We do see the size and shape of an Elm tree with its fine, lacy branches…

and how these young, squat Jack Pines covered in snow look like toddlers in snowsuits…

and how the flexible branches of a Paper Birch bend and bow under the weight of the wet snow.

One has to look closely to notice any detail in the black and white snow globe. The snow obscures most of the defining features we see in the other seasons.

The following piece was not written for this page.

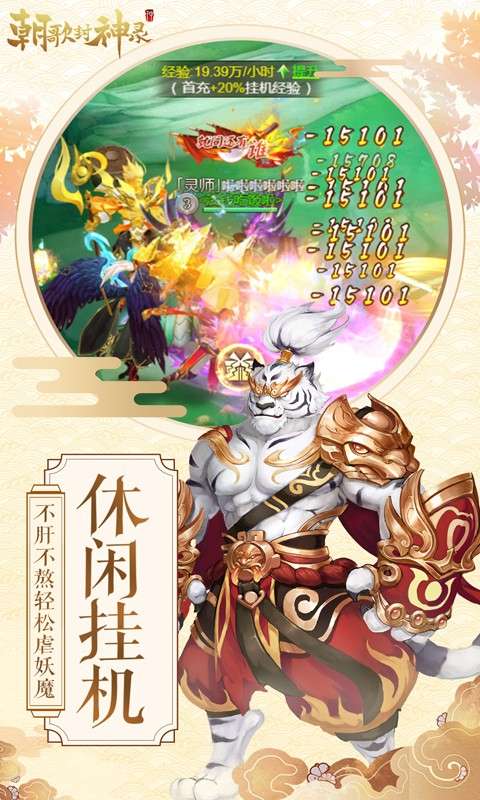 朝歌封神录H52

Black and white thinking is an ‘easy’ way of thinking. Things are right or wrong, good or bad, helpful or unhelpful. I’m a pro at it. (And notice I did it with the word ‘easy.’) It’s actually an immature way of thinking that we all go through in our development. As we grow, our developing brains are better able to detect nuances, comparisons, contrasts, subtleties, ‘gray areas,’ diversity, patterns, details, and connections—the ‘cone-like’ qualities. (This is what good education teaches us.) But as ‘mature’ as we are in our adult, educated brains, when we are emotionally triggered by unprocessed traumas and wounds, we revert back to our ‘rod-like’, child-like, black and white thinking. Our primitive reptilian brain takes over—it is ’91 million’ strong compared to our ‘4.5 million’ pre-frontal cortex. We are complex and wonderfully made creatures with both rods and cones, with both limbic and cortical regions of the brain, with both immature and mature skills and qualities. But we do not have to be at the ‘whim’ of our triggering emotions—we can use Mother Nature’s gift of silence to calm our bodies and brains in order to notice details, to see all the colors of our situation, and to know that two opposing things can be true (and okay) at the same time. We’ve had a beautiful Winter Wonderland week and a really messy, difficult, time-consuming clean-up. Welcome to Winter and Life!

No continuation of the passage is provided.